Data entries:
• • • • • • •

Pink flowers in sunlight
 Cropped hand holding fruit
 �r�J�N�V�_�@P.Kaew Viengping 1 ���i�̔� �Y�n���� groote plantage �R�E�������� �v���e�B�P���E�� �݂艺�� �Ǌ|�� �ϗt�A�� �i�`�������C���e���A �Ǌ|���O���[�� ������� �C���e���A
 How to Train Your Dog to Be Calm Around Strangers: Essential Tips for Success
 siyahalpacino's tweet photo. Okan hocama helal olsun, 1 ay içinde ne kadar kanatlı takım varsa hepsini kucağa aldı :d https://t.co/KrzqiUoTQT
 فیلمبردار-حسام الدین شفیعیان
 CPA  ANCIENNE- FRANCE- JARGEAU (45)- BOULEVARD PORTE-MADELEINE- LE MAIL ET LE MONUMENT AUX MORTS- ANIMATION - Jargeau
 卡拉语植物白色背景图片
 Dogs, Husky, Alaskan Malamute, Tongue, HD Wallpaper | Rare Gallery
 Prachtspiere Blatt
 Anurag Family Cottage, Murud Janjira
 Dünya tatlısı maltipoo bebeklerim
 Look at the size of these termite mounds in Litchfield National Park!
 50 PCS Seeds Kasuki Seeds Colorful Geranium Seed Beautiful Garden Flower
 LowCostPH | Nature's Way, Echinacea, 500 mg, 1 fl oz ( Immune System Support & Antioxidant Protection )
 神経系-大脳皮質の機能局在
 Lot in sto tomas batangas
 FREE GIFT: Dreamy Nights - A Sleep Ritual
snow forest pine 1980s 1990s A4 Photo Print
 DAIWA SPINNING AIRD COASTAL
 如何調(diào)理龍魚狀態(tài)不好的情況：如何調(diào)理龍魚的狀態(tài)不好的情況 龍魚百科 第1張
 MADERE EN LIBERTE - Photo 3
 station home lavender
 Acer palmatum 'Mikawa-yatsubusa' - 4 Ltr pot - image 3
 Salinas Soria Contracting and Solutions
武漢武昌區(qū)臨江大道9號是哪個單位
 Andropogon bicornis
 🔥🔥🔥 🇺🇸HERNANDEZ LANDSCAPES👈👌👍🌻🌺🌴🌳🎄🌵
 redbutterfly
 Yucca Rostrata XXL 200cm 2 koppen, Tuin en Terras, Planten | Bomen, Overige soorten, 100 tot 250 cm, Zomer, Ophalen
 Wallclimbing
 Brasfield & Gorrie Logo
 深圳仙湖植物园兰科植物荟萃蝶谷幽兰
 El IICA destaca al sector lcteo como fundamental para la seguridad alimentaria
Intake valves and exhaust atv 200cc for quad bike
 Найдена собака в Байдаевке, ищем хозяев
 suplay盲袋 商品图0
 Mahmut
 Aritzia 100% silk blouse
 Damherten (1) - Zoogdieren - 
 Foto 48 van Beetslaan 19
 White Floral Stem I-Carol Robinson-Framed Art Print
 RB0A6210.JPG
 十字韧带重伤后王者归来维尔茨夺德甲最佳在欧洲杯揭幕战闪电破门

• • • • • • •

◆ **PROBLEM DETAILS**:
Among the lines above, find those containing the word "Print" and copy each.

◆ **RESPONSE TO THE TASK**:
snow forest pine 1980s 1990s A4 Photo Print
 White Floral Stem I-Carol Robinson-Framed Art Print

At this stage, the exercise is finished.